Exercise: Pull every line with "Pignon" from the data.

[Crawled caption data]
================================
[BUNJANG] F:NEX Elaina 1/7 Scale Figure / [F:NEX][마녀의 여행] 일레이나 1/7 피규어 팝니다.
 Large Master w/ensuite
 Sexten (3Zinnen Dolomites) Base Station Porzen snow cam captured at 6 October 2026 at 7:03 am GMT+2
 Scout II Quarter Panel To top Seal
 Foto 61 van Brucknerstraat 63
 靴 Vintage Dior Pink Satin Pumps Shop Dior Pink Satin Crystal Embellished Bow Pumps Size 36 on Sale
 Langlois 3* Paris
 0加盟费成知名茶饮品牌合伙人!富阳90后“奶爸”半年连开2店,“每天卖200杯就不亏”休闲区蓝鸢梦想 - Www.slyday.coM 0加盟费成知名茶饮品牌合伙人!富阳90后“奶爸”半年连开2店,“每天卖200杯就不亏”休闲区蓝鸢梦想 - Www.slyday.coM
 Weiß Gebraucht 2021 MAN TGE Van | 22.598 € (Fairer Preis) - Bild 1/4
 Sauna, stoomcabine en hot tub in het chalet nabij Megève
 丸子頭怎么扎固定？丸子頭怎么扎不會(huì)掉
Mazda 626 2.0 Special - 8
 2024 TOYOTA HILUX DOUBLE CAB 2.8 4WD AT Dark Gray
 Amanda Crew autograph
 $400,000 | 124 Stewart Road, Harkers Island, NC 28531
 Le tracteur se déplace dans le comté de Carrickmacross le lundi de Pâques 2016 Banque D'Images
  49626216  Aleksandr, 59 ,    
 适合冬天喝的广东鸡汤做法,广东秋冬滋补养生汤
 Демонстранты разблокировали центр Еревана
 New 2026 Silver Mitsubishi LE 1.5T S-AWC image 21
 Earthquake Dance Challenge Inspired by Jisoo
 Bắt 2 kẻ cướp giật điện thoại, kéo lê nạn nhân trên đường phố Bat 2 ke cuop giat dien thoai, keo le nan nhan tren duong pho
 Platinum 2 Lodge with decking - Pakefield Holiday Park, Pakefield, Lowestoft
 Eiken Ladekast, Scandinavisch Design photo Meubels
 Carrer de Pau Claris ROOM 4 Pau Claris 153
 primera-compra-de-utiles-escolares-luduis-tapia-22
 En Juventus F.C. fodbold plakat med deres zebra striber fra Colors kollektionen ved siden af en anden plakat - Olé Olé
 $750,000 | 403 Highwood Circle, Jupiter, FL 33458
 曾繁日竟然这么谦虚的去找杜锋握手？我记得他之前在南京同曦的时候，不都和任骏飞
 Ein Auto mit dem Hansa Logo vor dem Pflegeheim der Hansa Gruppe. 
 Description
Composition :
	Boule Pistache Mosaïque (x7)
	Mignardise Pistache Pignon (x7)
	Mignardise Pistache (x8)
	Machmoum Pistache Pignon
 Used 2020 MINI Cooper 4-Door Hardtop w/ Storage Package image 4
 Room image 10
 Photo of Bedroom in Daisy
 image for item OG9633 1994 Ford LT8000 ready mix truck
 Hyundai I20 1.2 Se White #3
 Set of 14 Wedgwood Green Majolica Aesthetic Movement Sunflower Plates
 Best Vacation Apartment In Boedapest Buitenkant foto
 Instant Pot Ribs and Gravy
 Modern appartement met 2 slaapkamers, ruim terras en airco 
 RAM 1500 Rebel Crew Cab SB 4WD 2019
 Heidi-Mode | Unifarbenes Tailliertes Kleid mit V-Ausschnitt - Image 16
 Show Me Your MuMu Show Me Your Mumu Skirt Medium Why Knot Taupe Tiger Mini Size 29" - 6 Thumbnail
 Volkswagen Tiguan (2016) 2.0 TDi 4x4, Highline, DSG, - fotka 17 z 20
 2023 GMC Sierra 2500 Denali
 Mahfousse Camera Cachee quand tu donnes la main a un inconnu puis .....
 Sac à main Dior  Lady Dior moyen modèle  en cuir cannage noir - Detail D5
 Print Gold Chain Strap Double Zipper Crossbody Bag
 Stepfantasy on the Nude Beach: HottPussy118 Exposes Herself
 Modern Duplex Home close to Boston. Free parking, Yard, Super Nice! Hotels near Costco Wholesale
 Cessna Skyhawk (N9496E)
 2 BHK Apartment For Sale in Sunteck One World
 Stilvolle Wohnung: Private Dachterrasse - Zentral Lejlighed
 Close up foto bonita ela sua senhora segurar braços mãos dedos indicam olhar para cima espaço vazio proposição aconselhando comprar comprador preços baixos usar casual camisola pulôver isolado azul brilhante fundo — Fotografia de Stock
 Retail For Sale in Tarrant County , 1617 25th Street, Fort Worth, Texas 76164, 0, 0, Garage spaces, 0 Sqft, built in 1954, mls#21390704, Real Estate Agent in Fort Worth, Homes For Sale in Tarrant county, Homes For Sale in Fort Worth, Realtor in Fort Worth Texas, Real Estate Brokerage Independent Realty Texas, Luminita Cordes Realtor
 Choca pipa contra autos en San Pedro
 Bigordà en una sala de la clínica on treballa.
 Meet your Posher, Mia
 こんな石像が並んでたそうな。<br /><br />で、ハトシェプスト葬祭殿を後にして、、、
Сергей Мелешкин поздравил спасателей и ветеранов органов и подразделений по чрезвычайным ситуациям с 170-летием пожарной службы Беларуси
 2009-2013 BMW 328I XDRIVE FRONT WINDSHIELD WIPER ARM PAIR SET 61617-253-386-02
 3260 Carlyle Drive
================================
Answer section:
	Mignardise Pistache Pignon (x7)
	Machmoum Pistache Pignon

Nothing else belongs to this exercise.